Abstract

Data from 1799 Large White and 1522 Landrace boars were used to obtain genetic correlations between production, carcase and meat quality traits. Variance components were obtained by REML procedures applying an average information algorithm. Traits analysed included average daily gain from 3 to 18 weeks of age (ADG1) and average daily gain, feed intake and feed conversion ratio from 18 to 22 weeks of age (ADG2, FDINT, FCR). Carcase traits included two backfat measurements and one muscle depth measurement taken on the live animal using realtime ultrasound and on the carcase using Hennesy Chong equipment.
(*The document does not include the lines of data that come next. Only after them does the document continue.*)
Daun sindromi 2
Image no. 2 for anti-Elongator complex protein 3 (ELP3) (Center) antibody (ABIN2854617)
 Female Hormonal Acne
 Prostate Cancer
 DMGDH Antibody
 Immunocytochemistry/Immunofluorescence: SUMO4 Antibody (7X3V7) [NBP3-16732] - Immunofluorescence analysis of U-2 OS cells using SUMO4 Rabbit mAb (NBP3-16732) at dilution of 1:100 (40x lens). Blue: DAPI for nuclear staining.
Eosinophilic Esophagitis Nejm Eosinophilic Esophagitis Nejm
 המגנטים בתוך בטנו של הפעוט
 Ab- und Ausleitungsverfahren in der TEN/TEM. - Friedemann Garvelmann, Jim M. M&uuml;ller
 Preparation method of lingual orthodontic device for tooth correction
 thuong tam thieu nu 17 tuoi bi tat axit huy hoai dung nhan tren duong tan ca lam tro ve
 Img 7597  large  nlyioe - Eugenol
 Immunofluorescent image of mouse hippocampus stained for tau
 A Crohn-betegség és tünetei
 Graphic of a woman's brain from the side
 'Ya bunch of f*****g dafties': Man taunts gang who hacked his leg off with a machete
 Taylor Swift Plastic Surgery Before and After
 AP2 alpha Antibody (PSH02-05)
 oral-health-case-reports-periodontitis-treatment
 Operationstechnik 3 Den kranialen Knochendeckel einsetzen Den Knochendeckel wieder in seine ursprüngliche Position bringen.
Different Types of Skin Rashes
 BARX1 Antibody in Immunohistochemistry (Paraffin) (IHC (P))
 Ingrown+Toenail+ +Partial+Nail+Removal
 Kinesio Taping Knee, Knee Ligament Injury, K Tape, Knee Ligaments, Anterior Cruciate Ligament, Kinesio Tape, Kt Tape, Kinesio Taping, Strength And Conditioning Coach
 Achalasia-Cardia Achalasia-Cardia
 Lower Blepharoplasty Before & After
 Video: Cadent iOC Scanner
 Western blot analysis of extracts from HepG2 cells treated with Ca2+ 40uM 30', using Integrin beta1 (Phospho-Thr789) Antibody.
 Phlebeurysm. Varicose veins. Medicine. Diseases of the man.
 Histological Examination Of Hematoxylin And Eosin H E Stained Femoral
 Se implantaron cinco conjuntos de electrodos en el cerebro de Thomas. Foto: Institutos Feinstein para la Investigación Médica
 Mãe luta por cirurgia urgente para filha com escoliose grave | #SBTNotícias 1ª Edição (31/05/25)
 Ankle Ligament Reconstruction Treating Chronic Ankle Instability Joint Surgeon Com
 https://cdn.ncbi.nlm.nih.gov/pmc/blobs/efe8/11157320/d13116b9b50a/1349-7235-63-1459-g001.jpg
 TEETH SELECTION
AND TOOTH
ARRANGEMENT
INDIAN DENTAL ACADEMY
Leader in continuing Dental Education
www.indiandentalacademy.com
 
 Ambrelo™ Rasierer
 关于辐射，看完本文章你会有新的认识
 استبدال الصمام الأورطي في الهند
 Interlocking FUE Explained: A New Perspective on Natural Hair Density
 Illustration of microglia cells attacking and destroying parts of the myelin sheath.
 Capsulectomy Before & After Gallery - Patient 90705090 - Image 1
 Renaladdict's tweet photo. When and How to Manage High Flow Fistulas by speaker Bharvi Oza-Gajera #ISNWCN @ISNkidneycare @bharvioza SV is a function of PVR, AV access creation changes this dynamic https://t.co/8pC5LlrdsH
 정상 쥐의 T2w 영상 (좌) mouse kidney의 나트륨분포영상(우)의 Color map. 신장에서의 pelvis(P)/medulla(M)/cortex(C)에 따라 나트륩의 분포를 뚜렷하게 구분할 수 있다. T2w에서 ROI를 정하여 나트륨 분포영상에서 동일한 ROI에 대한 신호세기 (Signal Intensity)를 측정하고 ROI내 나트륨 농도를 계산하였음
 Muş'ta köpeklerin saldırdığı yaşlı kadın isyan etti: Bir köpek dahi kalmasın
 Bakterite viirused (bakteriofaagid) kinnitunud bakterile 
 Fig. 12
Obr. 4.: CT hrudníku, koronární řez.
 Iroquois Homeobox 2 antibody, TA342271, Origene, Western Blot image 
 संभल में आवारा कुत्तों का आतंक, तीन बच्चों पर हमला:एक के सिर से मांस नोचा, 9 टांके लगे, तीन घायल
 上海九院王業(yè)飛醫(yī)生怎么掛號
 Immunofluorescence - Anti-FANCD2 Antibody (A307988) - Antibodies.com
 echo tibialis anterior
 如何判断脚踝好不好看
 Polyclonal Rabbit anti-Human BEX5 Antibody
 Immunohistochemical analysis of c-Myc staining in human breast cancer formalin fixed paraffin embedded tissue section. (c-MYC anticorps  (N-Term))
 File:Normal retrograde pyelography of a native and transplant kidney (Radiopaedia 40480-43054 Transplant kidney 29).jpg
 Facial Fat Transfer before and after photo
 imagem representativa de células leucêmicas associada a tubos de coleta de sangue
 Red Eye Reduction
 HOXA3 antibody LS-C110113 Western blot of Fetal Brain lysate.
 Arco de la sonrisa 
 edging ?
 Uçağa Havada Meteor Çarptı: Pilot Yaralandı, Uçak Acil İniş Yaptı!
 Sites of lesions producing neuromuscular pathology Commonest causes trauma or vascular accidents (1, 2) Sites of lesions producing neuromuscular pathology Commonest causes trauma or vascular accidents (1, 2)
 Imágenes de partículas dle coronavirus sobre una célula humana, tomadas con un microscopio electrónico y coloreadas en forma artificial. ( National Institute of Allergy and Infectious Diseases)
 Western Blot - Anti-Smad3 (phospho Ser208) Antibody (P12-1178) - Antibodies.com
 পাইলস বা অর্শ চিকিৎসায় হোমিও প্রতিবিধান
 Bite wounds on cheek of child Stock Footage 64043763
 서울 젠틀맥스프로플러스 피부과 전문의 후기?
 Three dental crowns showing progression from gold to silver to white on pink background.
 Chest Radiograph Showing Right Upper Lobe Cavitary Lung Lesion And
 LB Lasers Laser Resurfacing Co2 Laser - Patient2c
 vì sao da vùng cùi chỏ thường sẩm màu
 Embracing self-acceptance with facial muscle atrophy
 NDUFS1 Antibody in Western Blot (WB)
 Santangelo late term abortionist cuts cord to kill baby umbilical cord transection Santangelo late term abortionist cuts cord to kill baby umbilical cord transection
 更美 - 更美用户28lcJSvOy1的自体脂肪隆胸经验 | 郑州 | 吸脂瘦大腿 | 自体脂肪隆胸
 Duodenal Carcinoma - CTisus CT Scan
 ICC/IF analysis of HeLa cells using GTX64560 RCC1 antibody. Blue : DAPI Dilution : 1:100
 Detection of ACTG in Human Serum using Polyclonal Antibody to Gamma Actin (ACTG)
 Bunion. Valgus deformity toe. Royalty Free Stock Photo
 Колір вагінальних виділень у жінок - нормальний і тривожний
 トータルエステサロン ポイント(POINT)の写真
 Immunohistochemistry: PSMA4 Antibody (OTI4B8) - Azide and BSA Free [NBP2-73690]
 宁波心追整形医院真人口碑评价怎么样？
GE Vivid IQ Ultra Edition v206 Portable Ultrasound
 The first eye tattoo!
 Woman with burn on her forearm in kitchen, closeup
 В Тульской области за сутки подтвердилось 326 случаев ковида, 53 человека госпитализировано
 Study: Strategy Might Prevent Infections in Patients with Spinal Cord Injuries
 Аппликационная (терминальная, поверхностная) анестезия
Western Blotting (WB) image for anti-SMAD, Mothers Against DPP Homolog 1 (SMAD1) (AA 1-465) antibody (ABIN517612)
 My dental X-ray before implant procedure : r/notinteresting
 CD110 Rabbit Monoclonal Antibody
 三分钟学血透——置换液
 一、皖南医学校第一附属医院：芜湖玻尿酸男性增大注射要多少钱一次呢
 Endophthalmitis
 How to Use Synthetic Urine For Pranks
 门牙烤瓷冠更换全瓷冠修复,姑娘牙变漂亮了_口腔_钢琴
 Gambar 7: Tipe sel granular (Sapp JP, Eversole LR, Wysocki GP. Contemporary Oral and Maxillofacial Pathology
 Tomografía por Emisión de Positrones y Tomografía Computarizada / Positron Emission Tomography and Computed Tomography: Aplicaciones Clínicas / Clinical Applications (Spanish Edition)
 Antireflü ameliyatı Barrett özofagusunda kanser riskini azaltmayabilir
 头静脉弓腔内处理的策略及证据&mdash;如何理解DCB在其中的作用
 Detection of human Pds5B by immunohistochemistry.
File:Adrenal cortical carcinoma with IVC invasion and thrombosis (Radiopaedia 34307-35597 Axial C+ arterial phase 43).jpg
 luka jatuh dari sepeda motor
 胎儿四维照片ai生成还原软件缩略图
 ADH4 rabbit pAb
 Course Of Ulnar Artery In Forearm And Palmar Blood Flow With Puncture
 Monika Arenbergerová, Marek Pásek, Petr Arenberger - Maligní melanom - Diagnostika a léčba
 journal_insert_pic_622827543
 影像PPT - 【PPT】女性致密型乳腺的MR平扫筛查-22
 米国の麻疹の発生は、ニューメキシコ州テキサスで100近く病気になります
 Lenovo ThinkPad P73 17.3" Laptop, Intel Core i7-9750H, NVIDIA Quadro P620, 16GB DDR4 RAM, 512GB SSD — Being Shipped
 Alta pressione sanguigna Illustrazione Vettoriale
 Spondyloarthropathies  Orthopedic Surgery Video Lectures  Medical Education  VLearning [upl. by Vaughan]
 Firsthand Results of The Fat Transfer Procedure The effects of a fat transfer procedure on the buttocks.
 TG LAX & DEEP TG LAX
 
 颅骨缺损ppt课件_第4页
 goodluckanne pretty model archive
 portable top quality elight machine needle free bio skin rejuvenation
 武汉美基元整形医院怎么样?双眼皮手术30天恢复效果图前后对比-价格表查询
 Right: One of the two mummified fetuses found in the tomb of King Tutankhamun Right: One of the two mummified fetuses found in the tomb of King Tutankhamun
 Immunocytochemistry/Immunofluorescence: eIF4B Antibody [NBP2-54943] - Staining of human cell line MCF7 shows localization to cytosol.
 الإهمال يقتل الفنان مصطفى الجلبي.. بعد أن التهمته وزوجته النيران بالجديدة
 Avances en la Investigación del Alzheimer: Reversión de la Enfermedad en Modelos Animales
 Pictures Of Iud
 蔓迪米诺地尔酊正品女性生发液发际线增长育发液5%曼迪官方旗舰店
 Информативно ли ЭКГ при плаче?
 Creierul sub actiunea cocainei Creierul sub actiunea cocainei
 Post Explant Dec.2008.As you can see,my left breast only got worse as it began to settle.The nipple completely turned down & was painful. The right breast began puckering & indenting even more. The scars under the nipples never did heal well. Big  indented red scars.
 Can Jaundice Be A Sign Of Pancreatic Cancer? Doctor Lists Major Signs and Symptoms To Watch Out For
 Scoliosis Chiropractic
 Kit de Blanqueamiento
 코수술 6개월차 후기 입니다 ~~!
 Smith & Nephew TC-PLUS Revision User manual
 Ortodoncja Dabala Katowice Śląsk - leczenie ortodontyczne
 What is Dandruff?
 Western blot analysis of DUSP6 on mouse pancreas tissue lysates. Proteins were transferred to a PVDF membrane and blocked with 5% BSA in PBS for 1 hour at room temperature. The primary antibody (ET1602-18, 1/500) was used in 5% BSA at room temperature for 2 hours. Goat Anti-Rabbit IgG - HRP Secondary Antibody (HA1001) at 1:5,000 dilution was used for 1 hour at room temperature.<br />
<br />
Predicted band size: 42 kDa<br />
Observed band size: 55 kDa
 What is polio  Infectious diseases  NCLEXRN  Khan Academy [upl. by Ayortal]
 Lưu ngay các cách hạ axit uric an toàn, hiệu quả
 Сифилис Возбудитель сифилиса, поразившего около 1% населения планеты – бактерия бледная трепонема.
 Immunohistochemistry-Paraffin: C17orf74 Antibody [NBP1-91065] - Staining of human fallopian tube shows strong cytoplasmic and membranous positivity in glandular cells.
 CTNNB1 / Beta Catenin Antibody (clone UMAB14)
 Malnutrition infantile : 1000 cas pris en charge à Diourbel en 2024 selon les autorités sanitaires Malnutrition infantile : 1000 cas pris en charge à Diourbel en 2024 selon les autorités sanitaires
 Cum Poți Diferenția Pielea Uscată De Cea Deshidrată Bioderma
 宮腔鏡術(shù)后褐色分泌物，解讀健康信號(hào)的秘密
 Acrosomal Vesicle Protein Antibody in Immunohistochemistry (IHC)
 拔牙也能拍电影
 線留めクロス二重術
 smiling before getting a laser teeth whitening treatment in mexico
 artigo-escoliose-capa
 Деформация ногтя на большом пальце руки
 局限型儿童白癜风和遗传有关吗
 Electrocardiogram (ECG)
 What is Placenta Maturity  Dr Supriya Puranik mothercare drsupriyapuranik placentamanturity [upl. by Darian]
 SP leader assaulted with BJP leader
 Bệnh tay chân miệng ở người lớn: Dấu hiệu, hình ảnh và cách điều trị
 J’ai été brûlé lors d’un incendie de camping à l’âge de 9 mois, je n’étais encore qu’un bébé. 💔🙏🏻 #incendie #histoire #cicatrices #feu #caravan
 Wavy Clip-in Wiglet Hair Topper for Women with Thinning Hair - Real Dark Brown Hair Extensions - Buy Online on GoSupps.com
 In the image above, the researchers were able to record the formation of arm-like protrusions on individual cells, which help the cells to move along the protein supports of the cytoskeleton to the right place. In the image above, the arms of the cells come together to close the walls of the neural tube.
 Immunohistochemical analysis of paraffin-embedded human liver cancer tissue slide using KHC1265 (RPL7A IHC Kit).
Further carcase traits included weight of the whole back leg (BLW) and weight of the ham (LMW). Meat quality traits included pH recorded 45 min (pH45) and 24 h after slaughter (pH24), colour of the m. longissimus dorsi (CLD) and m. multifidus dorsi (CMD), drip loss percentage (DLP) and intramuscular fat content (IMF). ADG1 was genetically a different trait than ADG2 (genetic correlation (rg): 0.32±0.23). Genetic correlations between these two traits and backfat measurements were favourable for ADG1 (rg: −0.35 to −0.21, ±0.13 to 0.22) and unfavourable for ADG2 (rg: 0.29 to 0.48, ±0.18 to 0.22). A lighter CLD was genetically related to a higher DLP and a lower pH. Estimates were higher between pH24, CLD and DLP (absolute rg: 0.71 to 0.83, ±0.11 to 0.14) than between pH45 and further meat quality traits (absolute rg: 0.12 to 0.44, ±0.23 to 0.24). Increasing IMF will improve other meat quality traits (rg: 0.06 to 0.48, ±0.19 to 0.24). Growth rate was genetically independent from meat quality traits (rg range: −0.31 to 0.35, ±0.18 to 0.31) while selection for improved feed efficiency and increased leanness will increase the incidence of PSE meat (absolute rg range: 0.00 to 0.66, ±0.14 to 0.31) and reduce IMF (rg: 0.16 to 0.34, ±0.15 to 0.27). Meat quality traits should therefore be included in selection indices in order to avoid further deterioration as a result of selection for higher leanness and feed efficiency.